### YOUR TASK
Lines of the data that contain the word "unidades" are the ones to copy.

### RECORDS FOR THE EXERCISE
|---|
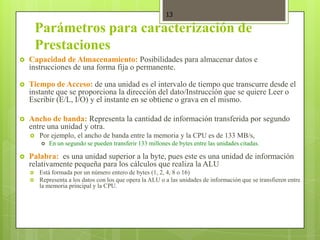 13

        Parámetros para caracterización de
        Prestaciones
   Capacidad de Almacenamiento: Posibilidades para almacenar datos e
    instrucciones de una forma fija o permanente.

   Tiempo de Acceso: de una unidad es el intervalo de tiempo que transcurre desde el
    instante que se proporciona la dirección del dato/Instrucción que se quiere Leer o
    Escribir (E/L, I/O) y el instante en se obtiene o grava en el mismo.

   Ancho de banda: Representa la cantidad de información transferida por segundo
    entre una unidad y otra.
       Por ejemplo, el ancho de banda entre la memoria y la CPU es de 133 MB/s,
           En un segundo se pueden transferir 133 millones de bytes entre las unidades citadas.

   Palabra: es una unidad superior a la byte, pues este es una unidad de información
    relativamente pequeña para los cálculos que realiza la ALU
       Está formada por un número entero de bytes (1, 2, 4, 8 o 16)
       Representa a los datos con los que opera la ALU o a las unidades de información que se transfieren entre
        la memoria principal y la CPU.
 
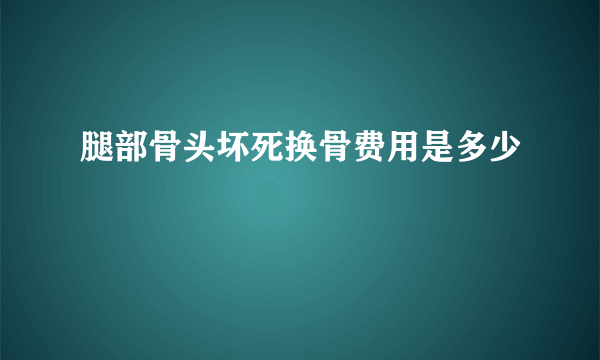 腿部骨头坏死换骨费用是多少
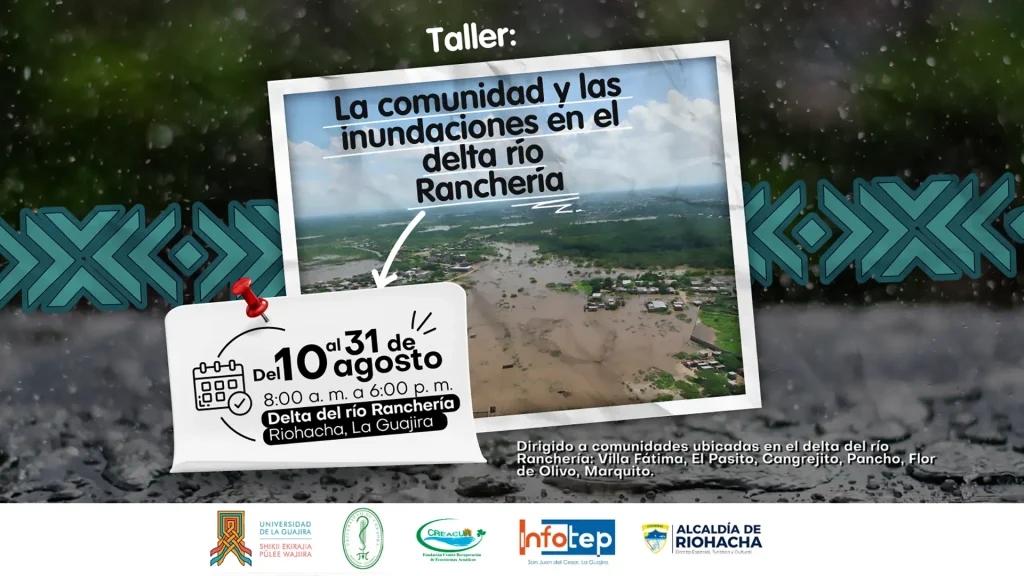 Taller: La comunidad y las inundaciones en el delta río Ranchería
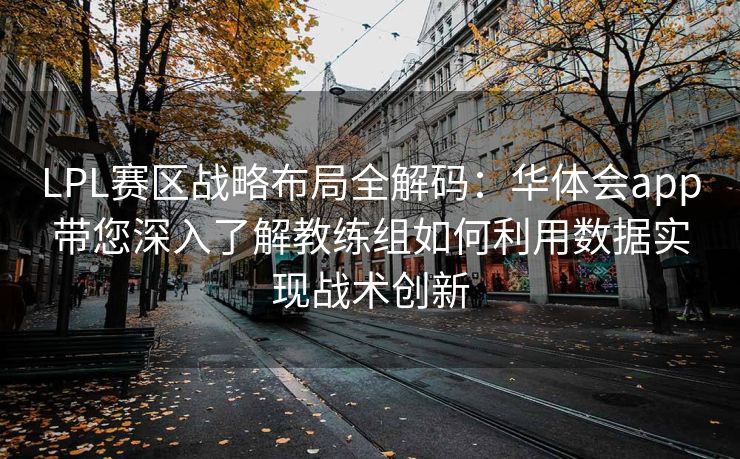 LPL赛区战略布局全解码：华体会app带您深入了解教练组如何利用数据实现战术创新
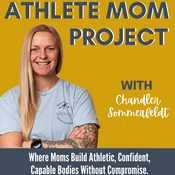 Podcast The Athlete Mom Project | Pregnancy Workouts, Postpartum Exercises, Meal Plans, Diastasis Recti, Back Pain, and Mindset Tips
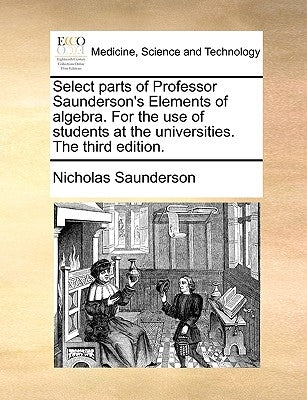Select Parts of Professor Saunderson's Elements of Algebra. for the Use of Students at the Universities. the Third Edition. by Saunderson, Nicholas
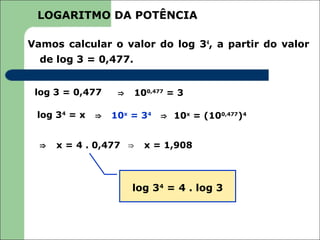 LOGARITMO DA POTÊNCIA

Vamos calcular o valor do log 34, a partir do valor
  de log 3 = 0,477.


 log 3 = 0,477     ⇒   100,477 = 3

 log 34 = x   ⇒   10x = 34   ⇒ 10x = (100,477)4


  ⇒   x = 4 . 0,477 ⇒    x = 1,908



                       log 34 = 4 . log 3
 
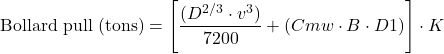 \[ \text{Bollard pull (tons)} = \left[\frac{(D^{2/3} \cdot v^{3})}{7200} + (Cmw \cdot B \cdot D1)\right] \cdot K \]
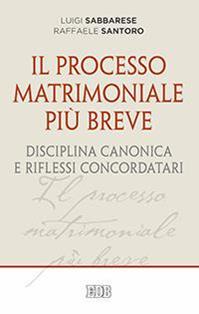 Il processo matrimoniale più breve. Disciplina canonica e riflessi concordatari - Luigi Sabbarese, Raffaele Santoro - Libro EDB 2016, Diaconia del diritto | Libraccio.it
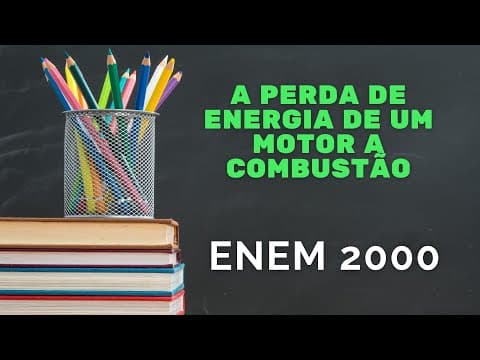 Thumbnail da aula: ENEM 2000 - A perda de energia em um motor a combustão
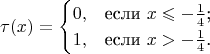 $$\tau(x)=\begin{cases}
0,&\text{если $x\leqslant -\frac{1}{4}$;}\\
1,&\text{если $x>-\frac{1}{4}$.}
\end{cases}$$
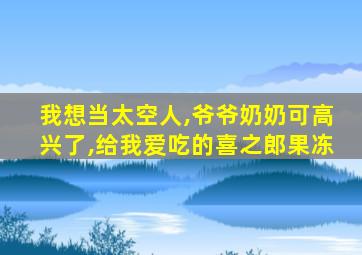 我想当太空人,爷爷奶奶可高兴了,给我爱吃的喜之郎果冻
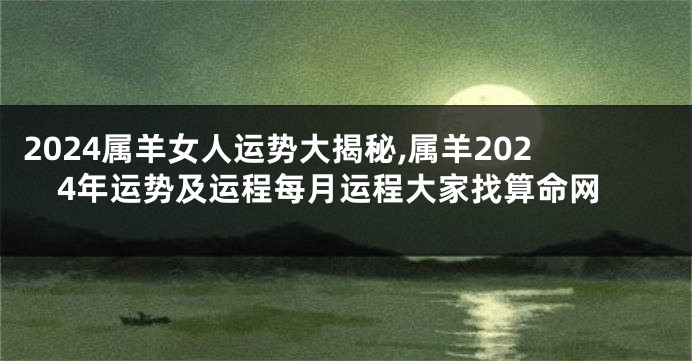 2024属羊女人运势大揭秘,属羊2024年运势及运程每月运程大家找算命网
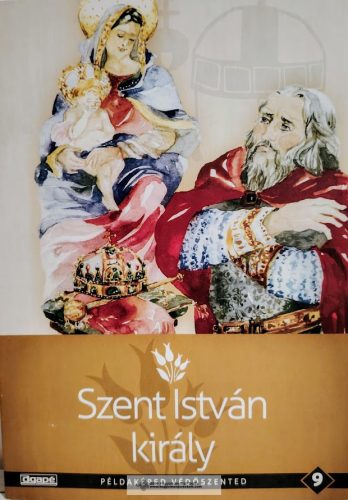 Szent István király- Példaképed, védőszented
|---|
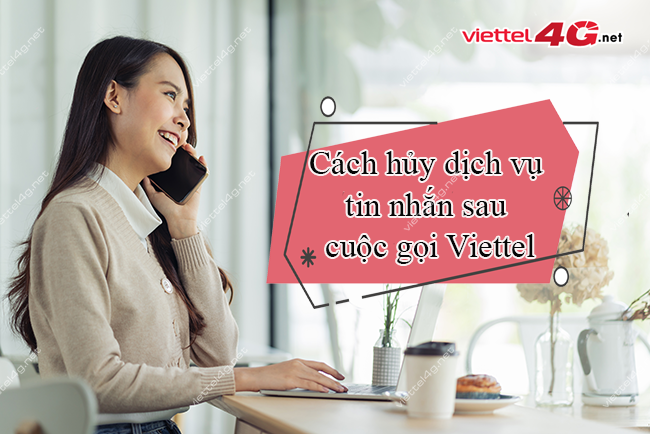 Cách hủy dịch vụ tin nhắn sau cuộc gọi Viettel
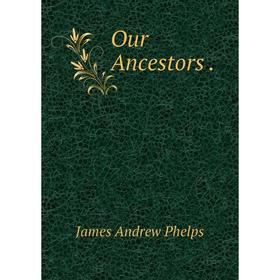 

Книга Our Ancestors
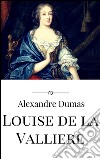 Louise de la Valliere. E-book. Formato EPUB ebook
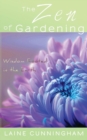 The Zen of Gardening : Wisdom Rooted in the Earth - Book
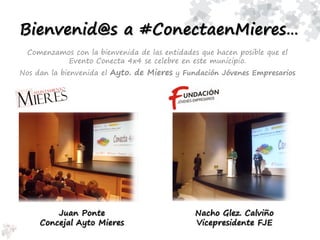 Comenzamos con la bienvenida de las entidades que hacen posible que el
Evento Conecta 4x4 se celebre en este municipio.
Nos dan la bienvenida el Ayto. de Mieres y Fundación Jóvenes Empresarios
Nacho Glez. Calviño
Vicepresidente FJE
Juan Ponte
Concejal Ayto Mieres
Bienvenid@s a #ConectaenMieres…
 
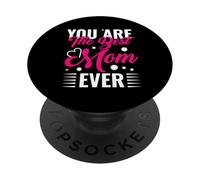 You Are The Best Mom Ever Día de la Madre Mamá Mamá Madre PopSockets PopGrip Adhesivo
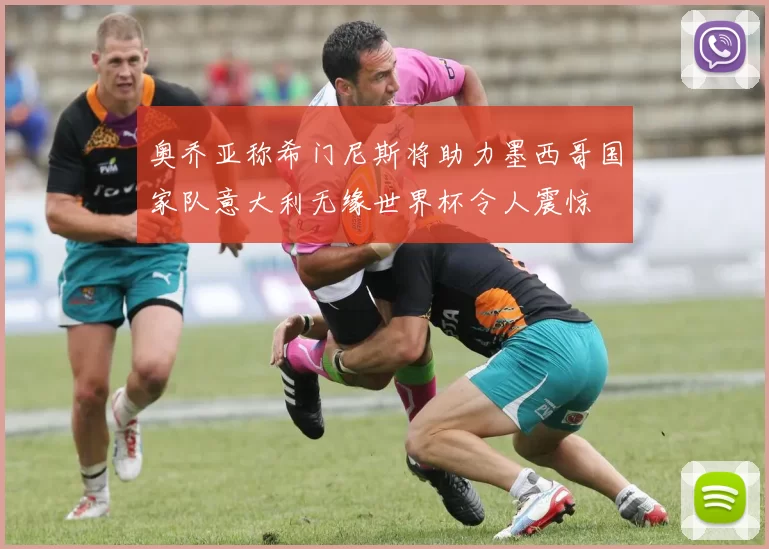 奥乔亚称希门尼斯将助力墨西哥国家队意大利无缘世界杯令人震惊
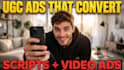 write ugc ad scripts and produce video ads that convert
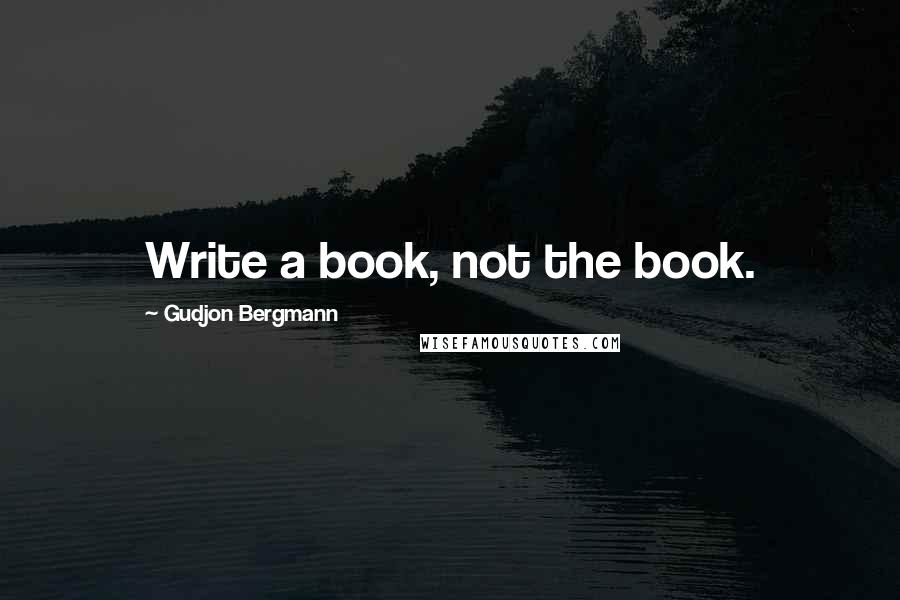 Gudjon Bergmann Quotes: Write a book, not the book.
|---|
### TASK RESULT
           En un segundo se pueden transferir 133 millones de bytes entre las unidades citadas.
       Representa a los datos con los que opera la ALU o a las unidades de información que se transfieren entre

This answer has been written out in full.